On Sun, 8 Jan 2006, Dustin Goodwin wrote:

> I am not sure what rocket you had to strap to this article to make the 
> leap from public policy that promotes broadband to socialism. But it 
> must have been large! Is NYC's water tunnel number 3 socialism or smart 
> public policy? What the rural electrification authority socialism or 
There is such thing as 'natural monopoly'.  Gas lines, water lines, *phone
lines and coax lines* are natural monopolies and does not make sense to
have multiple companies competing with each other. Now, putting *content* 
over those lines is definitely *not* a natural monopoly. Broadband is 
definitely *not* a natural monopoly. 

> smart public policy? YOUR ALREADY PAYING SUBSIDIES to the incumbent 
Oh, man, don't even start with rural electrification. That is *definitely* 
socialism. In fact, that was Lenin's #2 order right after the revolution. 
(Trust me, I spent 16 years in Soviet Union).

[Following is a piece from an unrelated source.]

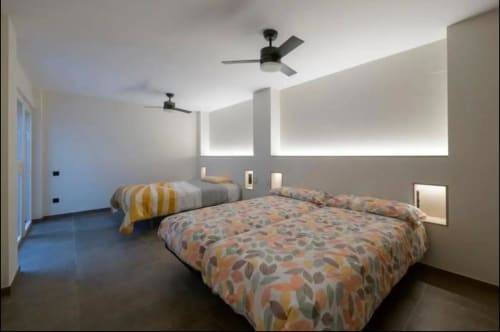 Dormitorio moderno en ML Apartments Valencia con dos camas, ventiladores de techo, espejos iluminados y diseño minimalista oscuro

> telcos and getting nothing for it. How about we stop talking about
> socialism and start talking about replacing dumb public policy (like
> paying incumbent telcos for broadband we don't get) with smart public
> policy. If you happy with current arrangement good for you. I am glad
> your broadband sucks and is expensive. Maybe you do something that
> doesn't depend on ubiquitous global Internet connectivity priced
> properly. But I doubt it.
There's an obvious solution, 'structural separation' for ILECs - one 
entity owns the wire plant and COs, another entity owns everything inside 
COs. Entity #1 would sell access to wire plant to all comers.

Of course, with current FCC this has a chance of snowball in hell of 
happening.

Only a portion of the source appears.